◆ Given data:

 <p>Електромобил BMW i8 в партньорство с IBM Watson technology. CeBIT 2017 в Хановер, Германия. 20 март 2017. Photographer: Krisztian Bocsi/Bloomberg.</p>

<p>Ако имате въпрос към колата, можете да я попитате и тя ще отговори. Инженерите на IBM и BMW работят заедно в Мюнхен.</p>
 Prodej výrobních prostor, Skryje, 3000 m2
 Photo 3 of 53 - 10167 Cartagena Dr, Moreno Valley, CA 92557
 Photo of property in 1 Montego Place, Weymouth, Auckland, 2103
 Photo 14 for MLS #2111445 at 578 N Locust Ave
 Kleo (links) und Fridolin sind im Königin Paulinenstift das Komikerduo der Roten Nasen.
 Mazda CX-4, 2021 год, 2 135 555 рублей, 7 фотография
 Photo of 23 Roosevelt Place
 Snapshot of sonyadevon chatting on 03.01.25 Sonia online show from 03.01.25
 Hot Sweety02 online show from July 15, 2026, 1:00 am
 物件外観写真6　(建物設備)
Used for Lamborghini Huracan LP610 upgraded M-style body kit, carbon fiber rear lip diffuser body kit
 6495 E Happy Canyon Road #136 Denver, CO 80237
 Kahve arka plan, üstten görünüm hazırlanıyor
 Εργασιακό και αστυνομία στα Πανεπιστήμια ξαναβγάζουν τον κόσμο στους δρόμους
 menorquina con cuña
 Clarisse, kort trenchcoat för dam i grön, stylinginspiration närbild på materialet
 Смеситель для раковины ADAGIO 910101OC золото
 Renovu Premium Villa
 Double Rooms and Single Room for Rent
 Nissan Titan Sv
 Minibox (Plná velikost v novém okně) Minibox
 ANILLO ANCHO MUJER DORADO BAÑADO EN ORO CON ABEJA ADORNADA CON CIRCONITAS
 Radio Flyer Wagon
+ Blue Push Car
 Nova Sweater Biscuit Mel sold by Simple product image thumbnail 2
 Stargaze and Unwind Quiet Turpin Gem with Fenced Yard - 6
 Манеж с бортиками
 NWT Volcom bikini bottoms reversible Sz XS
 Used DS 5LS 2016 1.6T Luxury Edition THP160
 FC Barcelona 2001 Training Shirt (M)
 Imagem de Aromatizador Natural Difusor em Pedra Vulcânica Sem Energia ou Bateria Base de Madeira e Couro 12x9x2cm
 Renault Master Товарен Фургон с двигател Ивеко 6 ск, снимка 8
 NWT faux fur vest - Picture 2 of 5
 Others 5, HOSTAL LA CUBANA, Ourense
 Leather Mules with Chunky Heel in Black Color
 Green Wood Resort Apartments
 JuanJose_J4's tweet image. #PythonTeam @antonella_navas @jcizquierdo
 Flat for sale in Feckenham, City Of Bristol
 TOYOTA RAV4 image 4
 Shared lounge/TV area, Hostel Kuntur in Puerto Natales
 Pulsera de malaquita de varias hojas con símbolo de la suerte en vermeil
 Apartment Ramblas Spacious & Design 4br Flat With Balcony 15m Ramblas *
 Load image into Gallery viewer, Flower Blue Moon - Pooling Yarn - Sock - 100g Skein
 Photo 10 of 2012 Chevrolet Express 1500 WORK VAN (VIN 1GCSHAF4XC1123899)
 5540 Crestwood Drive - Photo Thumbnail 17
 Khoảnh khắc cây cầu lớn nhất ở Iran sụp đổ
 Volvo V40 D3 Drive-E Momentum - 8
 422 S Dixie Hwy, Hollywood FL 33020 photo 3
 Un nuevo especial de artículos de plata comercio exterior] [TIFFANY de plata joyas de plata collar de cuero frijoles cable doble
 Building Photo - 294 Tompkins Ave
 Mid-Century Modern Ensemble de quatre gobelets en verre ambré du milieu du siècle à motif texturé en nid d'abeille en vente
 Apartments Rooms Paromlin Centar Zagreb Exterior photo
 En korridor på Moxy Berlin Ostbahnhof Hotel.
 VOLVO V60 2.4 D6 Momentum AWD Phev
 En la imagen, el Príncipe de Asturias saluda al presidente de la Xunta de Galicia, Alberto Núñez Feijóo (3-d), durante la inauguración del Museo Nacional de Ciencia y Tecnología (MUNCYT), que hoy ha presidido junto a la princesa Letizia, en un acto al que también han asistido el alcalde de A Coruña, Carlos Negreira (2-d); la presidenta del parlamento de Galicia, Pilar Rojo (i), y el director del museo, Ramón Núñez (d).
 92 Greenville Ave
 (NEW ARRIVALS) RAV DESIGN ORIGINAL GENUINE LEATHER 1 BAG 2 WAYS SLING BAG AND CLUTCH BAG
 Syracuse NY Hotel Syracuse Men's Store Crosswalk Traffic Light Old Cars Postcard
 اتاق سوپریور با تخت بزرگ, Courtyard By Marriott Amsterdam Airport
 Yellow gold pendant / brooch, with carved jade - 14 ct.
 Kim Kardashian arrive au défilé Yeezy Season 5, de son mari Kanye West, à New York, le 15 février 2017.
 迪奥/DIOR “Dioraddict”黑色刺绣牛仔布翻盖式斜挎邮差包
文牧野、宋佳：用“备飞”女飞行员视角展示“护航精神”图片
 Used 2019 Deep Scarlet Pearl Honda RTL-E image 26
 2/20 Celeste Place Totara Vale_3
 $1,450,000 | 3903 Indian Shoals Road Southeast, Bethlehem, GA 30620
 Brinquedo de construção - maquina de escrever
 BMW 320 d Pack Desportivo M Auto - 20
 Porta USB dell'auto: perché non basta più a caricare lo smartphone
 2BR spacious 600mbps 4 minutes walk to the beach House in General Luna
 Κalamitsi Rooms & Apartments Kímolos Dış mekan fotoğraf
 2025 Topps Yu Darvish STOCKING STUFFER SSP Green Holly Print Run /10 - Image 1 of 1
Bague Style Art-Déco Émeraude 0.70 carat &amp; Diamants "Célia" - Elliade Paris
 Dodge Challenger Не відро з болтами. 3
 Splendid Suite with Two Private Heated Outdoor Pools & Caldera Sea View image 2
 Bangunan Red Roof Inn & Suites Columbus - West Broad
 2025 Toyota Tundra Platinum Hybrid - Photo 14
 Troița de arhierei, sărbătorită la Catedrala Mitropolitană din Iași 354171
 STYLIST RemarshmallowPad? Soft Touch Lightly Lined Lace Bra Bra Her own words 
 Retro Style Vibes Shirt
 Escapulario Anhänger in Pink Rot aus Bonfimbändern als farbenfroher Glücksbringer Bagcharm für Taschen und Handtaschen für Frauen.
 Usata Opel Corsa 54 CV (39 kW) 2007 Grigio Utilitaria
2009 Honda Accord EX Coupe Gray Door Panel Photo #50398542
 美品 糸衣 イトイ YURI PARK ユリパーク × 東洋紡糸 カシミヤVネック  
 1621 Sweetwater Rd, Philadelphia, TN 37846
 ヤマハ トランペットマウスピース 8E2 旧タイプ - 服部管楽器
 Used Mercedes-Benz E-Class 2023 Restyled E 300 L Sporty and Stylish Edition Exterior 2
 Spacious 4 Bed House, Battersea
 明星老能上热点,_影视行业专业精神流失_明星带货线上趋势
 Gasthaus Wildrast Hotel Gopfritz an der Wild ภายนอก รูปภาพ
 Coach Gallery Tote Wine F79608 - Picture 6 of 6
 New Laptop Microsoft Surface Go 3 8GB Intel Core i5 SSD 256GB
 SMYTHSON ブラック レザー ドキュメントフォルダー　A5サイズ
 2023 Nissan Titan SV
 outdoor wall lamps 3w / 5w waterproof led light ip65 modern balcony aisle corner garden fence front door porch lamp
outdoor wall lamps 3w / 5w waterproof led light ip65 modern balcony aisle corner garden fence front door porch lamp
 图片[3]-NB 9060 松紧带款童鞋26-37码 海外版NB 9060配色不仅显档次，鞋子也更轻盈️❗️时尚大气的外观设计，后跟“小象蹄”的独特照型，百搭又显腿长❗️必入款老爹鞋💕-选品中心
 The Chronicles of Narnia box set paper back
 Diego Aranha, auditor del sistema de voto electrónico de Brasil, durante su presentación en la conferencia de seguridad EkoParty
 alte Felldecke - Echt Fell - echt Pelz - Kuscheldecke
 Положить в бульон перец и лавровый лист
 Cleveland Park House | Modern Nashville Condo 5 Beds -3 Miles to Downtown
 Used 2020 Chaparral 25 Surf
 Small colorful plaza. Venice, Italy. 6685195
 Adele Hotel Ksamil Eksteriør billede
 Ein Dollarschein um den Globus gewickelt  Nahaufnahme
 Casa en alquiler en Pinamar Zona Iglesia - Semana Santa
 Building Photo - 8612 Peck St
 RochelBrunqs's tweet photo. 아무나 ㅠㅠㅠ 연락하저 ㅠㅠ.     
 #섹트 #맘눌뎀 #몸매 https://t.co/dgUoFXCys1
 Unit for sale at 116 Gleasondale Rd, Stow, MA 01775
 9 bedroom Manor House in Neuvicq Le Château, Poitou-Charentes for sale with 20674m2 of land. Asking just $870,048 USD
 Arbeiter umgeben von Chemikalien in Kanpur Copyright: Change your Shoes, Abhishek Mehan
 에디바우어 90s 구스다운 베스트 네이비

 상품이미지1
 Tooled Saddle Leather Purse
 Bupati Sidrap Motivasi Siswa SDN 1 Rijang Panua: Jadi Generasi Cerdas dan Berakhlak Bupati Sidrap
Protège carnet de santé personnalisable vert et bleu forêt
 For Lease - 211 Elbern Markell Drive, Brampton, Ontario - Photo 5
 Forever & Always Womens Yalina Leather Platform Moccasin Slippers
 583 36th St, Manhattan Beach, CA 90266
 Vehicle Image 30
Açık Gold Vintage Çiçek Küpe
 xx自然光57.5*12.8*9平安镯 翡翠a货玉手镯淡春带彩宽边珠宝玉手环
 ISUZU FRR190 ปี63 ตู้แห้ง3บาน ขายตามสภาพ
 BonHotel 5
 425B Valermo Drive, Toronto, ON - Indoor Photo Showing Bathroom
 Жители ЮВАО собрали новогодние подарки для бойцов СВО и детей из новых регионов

◆ Exercise description: Copy out each line of the data that holds the string "durante".

◆ Reply:
 En la imagen, el Príncipe de Asturias saluda al presidente de la Xunta de Galicia, Alberto Núñez Feijóo (3-d), durante la inauguración del Museo Nacional de Ciencia y Tecnología (MUNCYT), que hoy ha presidido junto a la princesa Letizia, en un acto al que también han asistido el alcalde de A Coruña, Carlos Negreira (2-d); la presidenta del parlamento de Galicia, Pilar Rojo (i), y el director del museo, Ramón Núñez (d).
 Diego Aranha, auditor del sistema de voto electrónico de Brasil, durante su presentación en la conferencia de seguridad EkoParty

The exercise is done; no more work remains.